WHAT TO DO
Repeat every line of the listing below exactly, minus the pictures.

MATERIAL TO PROCESS
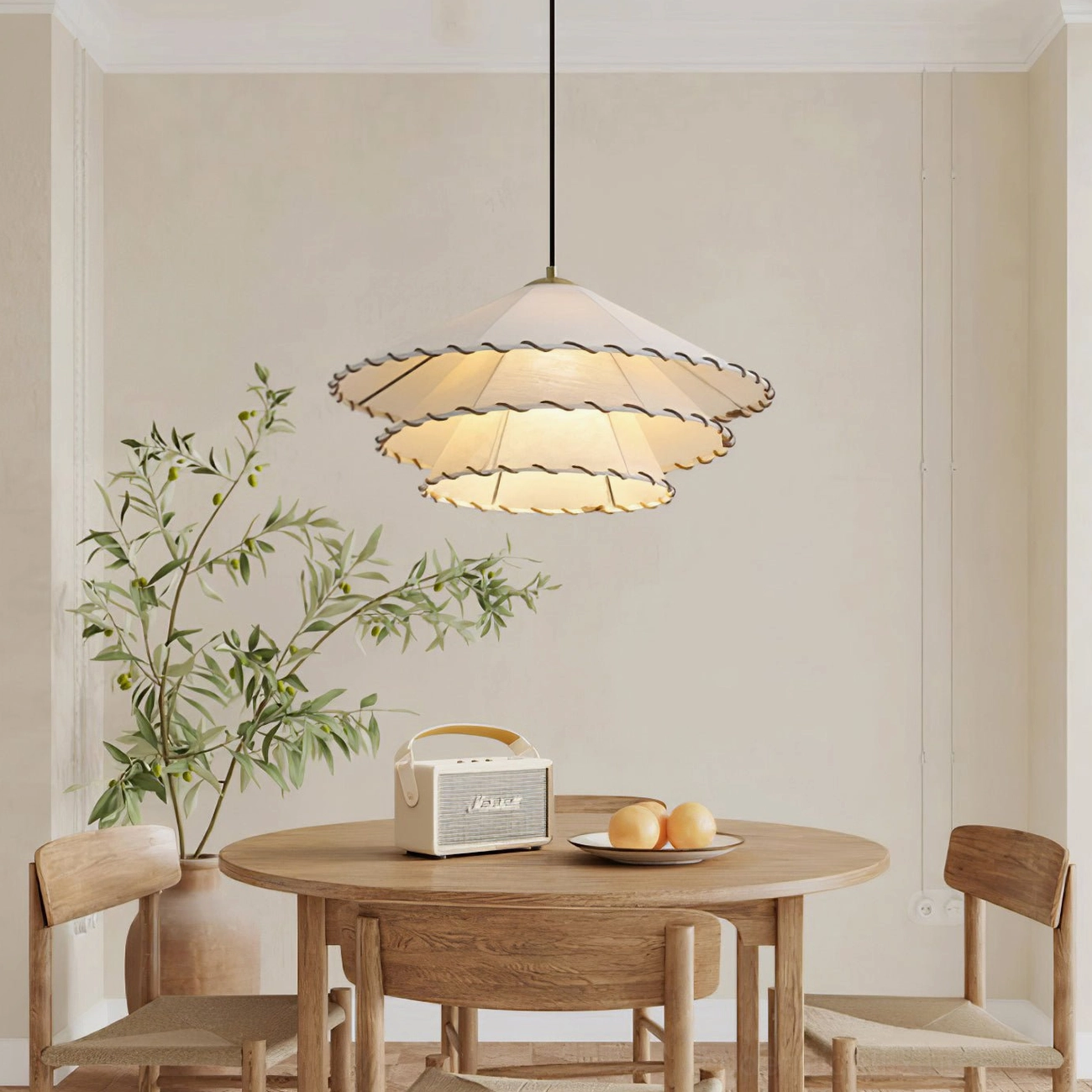 Beige ruffled pendant fixture with soft diffused lighting above wooden dining furniture in warm home setting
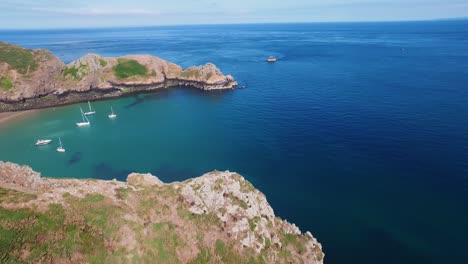 Drone-footage-of-the-turquoise-waters-of-a-bay-where-five-sailboats-are-moored-in-a-sunny-day-at-Sark-Island,-Channel-Islands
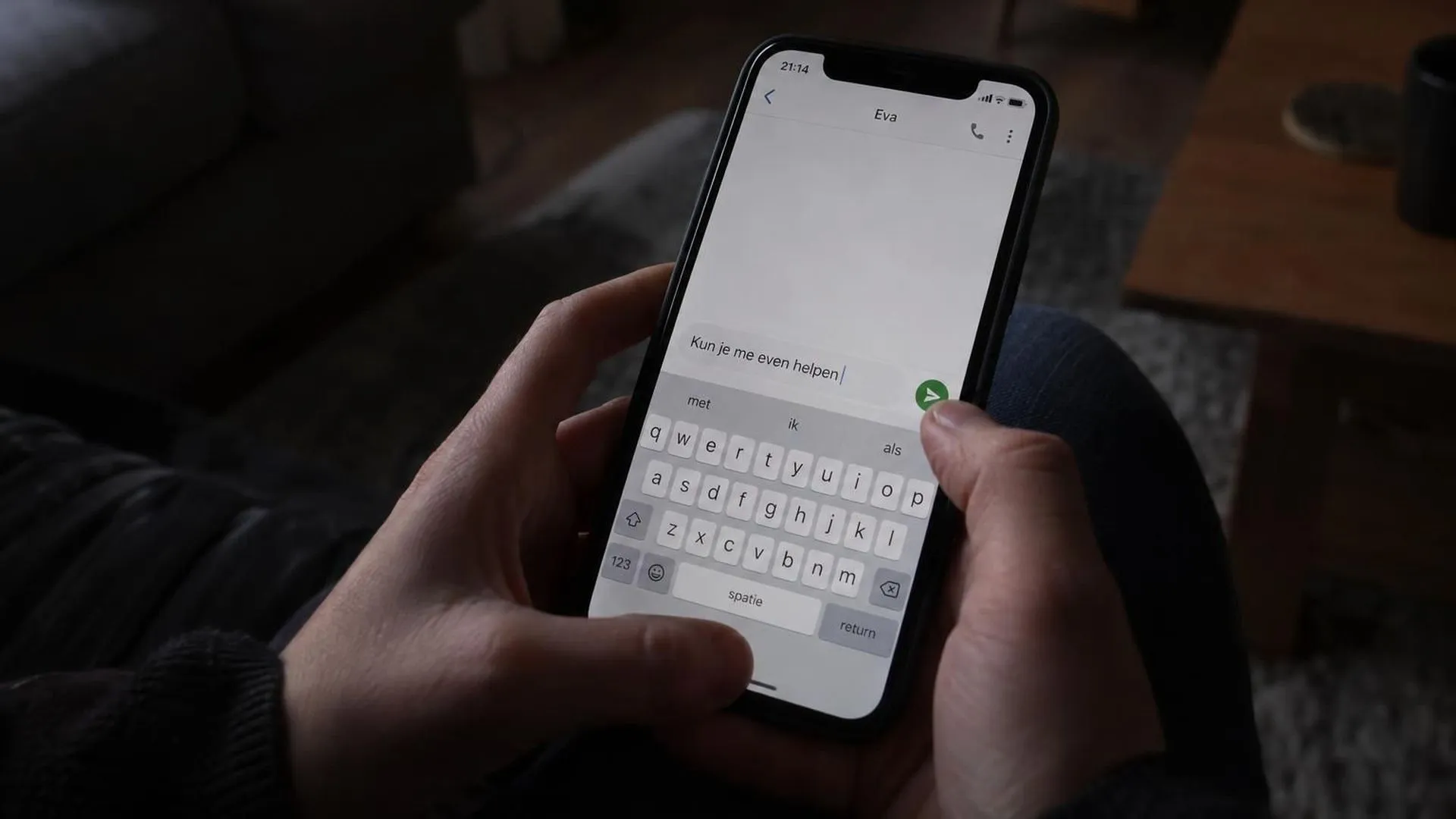Close-up van een hand boven een telefoon met een halfgeschreven berichtje om hulp te vragen.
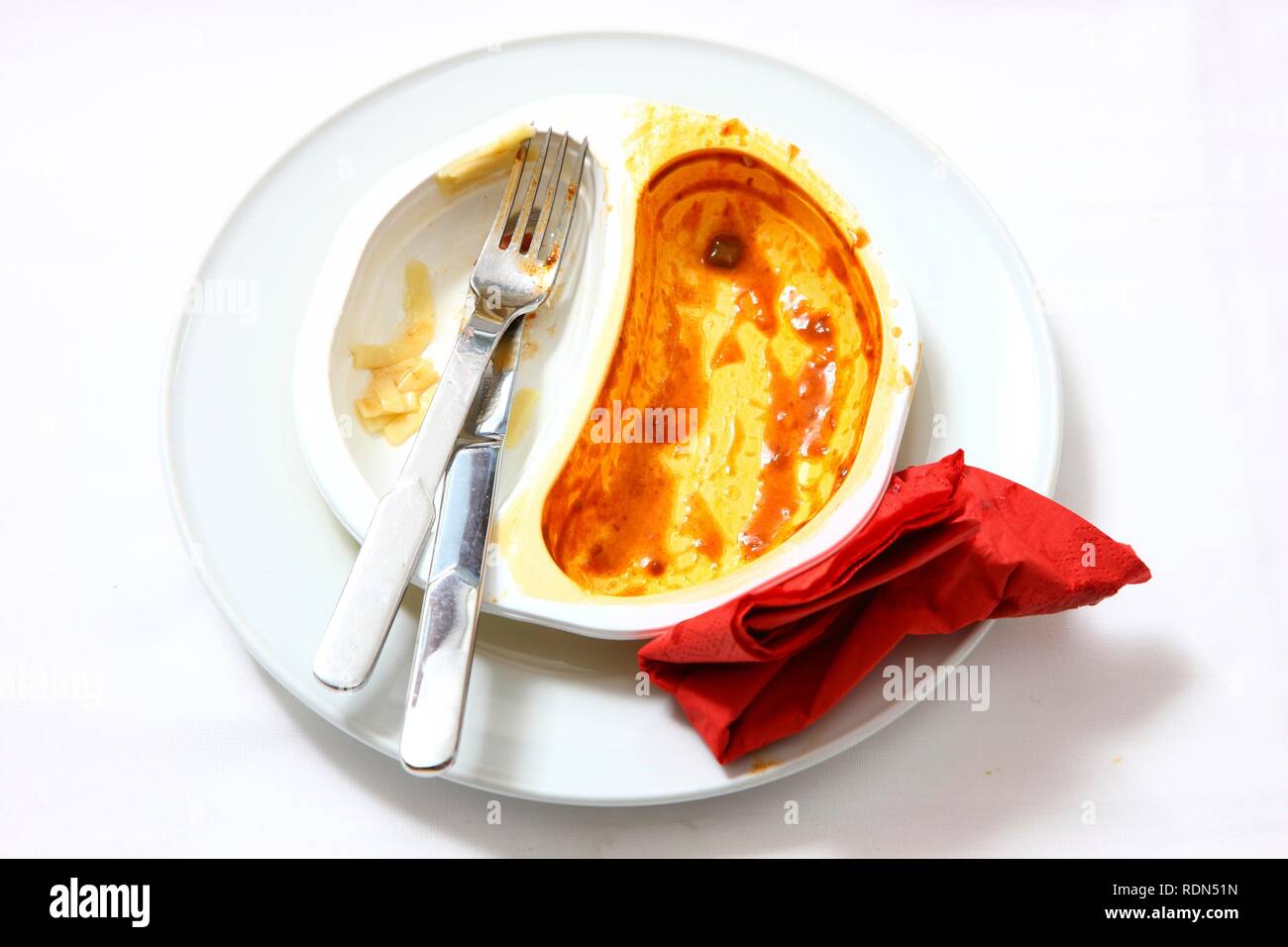 Remains of a pre-prepared meal after being eaten, served on a plate, in the original packaging Stock Photo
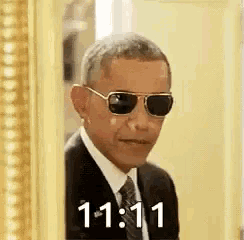 barack obama is wearing sunglasses and a suit and tie while peeking out from behind a picture frame .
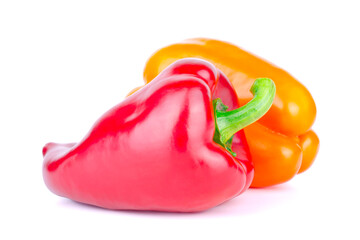 Two ripe juicy sweet peppers on a white background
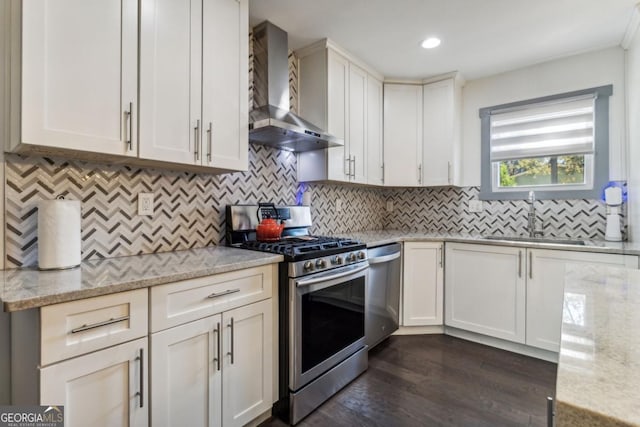 kitchen featuring light stone countertops, dark hardwood / wood-style flooring, stainless steel appliances, and wall chimney range hood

WRITTEN RESPONSE
 Beige ruffled pendant fixture with soft diffused lighting above wooden dining furniture in warm home setting
 Drone-footage-of-the-turquoise-waters-of-a-bay-where-five-sailboats-are-moored-in-a-sunny-day-at-Sark-Island,-Channel-Islands
Close-up van een hand boven een telefoon met een halfgeschreven berichtje om hulp te vragen.
 Remains of a pre-prepared meal after being eaten, served on a plate, in the original packaging Stock Photo
 barack obama is wearing sunglasses and a suit and tie while peeking out from behind a picture frame .
 Two ripe juicy sweet peppers on a white background
 kitchen featuring light stone countertops, dark hardwood / wood-style flooring, stainless steel appliances, and wall chimney range hood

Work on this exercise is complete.